**WHAT TO WORK ON**
Please set down word for word every line from the one holding "this 1270×952 image." to the end of the data below, both included.

= Beginning of Section =

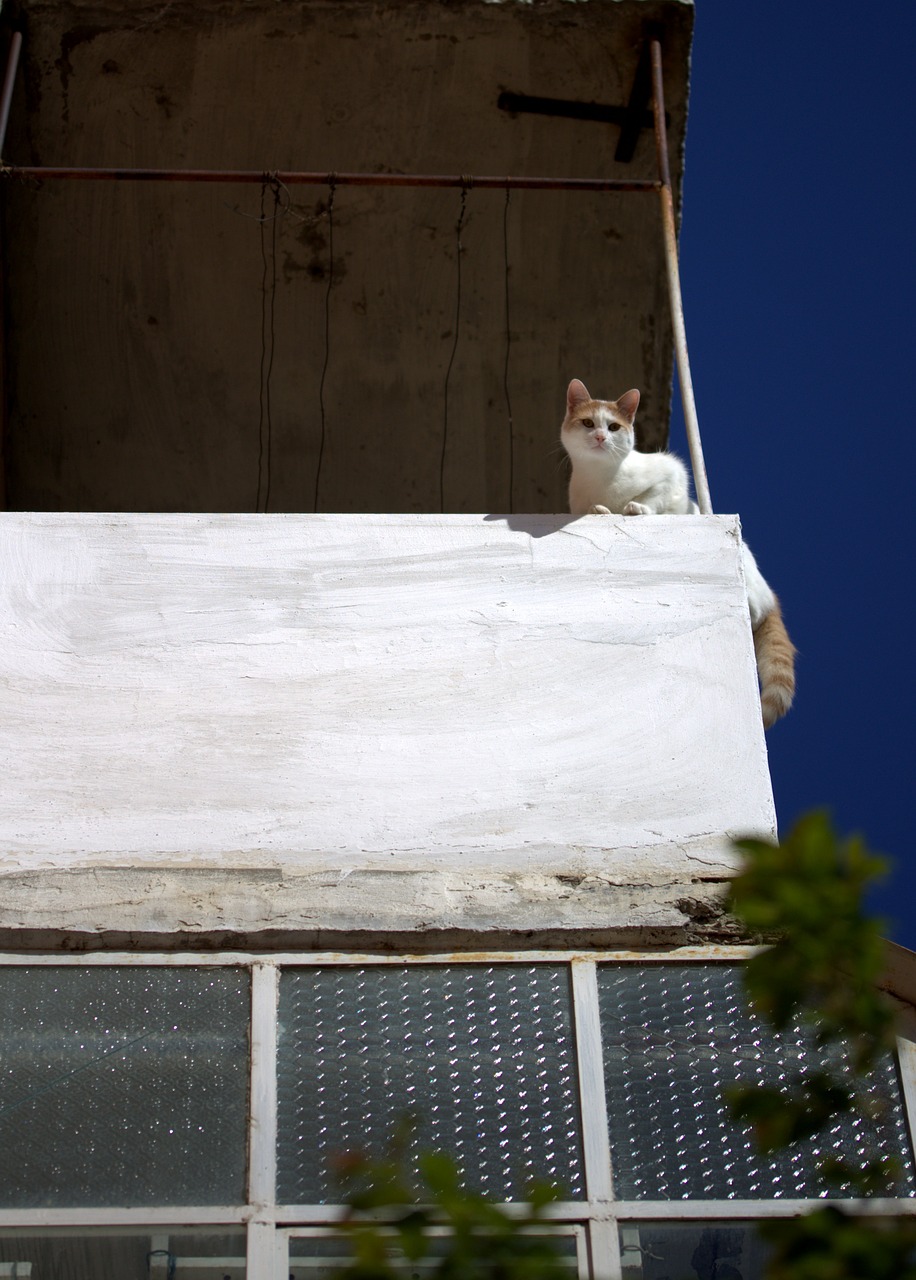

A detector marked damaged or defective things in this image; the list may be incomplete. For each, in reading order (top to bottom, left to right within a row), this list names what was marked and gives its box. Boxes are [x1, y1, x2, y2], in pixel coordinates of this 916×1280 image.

rusty metal pipe [0, 32, 21, 159]
rusty metal pipe [0, 168, 660, 195]
rusty metal pipe [648, 37, 712, 516]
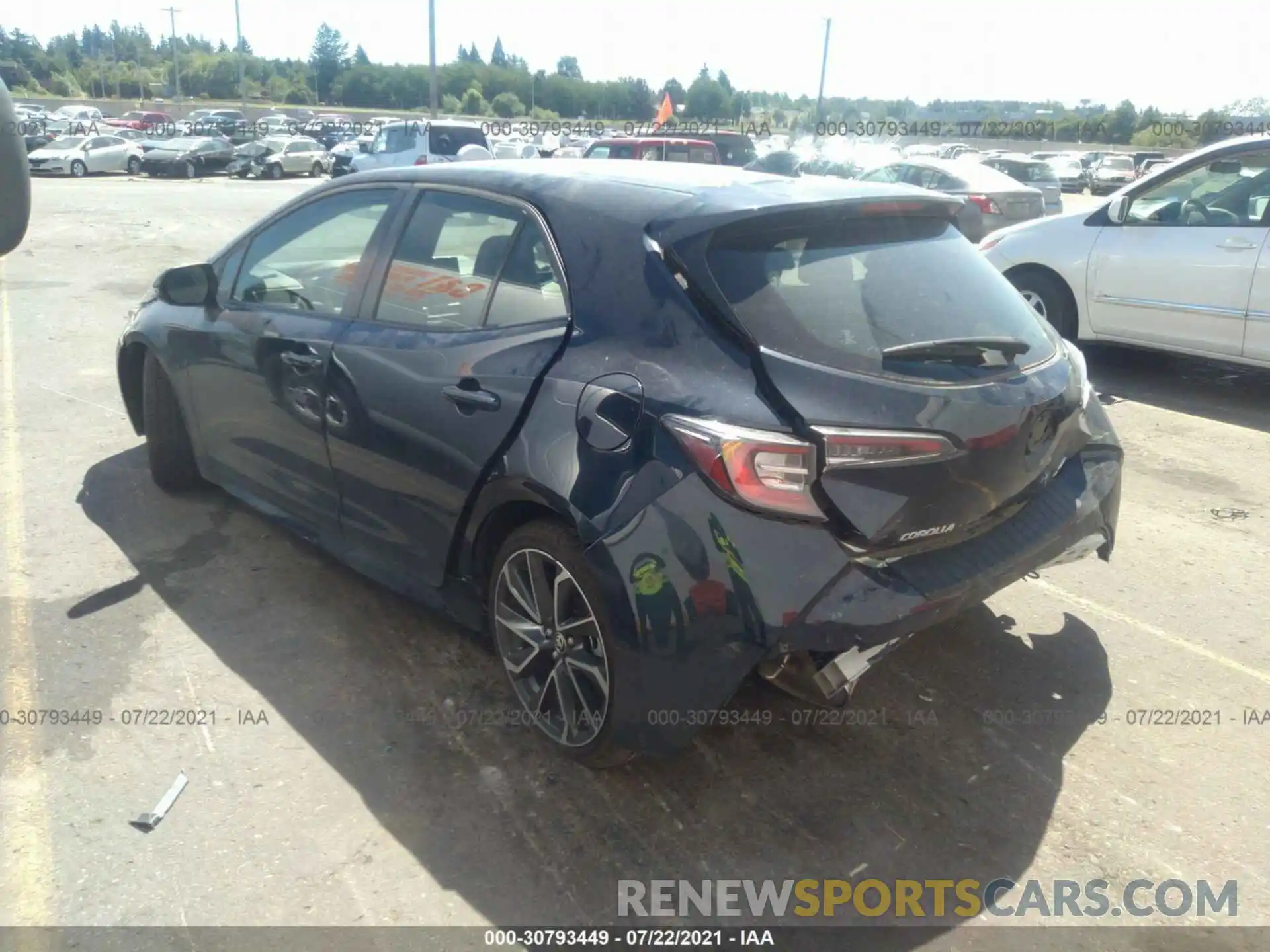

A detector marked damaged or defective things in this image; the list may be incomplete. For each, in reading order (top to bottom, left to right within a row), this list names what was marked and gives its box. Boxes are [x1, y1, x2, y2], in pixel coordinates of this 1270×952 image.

damaged dark blue hatchback [114, 157, 1117, 766]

= End of Section =

**WRITTEN SOLUTION**
A detector marked damaged or defective things in this image; the list may be incomplete. For each, in reading order (top to bottom, left to right within a row), this list names what was marked and gives its box. Boxes are [x1, y1, x2, y2], in pixel coordinates of this 1270×952 image.

damaged dark blue hatchback [114, 157, 1117, 766]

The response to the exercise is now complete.